Congress President Rahul Gandhi on Friday said China created 50,000 jobs a day while the Prime Minister Narendra Modi-led government in India managed to provide employment to only 450 in the same period. On a two-day visit to London, Rahul Gandhi was addressing an interactive session at the International Institute for Strategic Studies, a prestigious think-tank.
Attired in a kurta-pyjama, the leader of the main Opposition party answered a question about what economic policies the Congress would follow if it came to power in 2019. “The economic policy will be similar in trajectory to (former Prime Minister) Manmohan Singh’s,” he said, adding: “We will focus on small and medium businesses.”
He also said the focus of the banking system and of government support needed to shift to developing small industries. “We will focus on agriculture, construction, building houses, bringing technology to agriculture, building a food chain and connecting farms to markets,” he added.
Rahul Gandhi also spoke of the stressed assets problem affecting the banking system in the country.
“Indian banks have Rs 12.5 trillion of NPAs (non-performing assets). Indian banks are jam-shut because of the NPAs, basically belonging to 15-20 industrialists,” he said, adding that Modi’s ploy of “funding 15-20 top businesses was not going to create jobs”.

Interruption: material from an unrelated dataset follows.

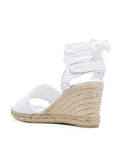 White Lace Single Band Open-toe Espadrille Wedge Sandals With Self-tie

An official from the American embassy in Britain asked how Congress would bridge the gap between Bharatiya Janata Party’s (BJP’s) and Congress’s funds, and change the leaning of businessmen towards the BJP.
Rahul Gandhi said: “You’ll be surprised at the mood of the business community in India today. They expected a tremendous amount from Mr Modi, but he failed them. They are terrified of saying this publicly. There’s an immense amount of pressure from the Central Bureau of Investigation, from the Enforcement Directorate.”

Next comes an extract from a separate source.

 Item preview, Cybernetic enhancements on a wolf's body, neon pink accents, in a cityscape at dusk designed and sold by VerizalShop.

Among his unannounced engagements on Friday was a closed-door meeting with 24 businessmen at the exclusive Royal Automobile Club at Pall Mall.

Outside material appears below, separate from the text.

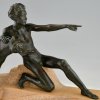 Art Deco sculptuur jonge man met panter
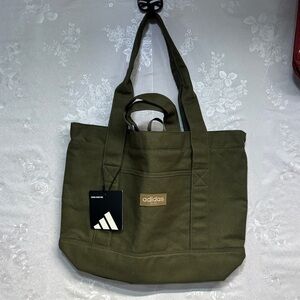 Adidas olive strata green 2 way carry 12oz cotton canvas court pockets tote bag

Rahul Gandhi said in 2019, with the alliance that was taking shape in Uttar Pradesh, the Opposition would command 60 per cent of votes in the state and the “BJP cannot win five seats”, out of the 80 in the Lok Sabha. In 2014, the BJP had won 73 seats.
Rahul Gandhi, who has a Masters degree in economics from Trinity College, Cambridge, called for a programme of decentralisation. He also spoke of “breaking” what he described as the “monopoly” of the Ministry of External Affairs, by providing access to think tanks, “new voices”, to formulate foreign policy.
He did not specify whether the talent from think-tanks should be inducted into the Indian Foreign Service or serve contract periods in it.
“Not only is there a monopoly of the foreign ministry there also is the monopoly of the Prime Minister’s Office on the foreign ministry,” he said, adding External Affairs Minister Sushma Swaraj was a “capable lady”, but she “has nothing better to do than look after visas”.
With fears of Brexit going through without a deal, Rahul Gandhi was predictably asked about it. He said, “I have more questions, frankly… than answers.”
He met MPs and peers in the Houses of Parliament at an event hosted by the longest serving Indian-origin MP in the British House of Commons, Keith Vaz, and the Indian Overseas Congress (IOC). On Saturday, he will speak at a working lunch with Indian Journalists’ Association (Europe) and address an IOC rally at Ruislip near London.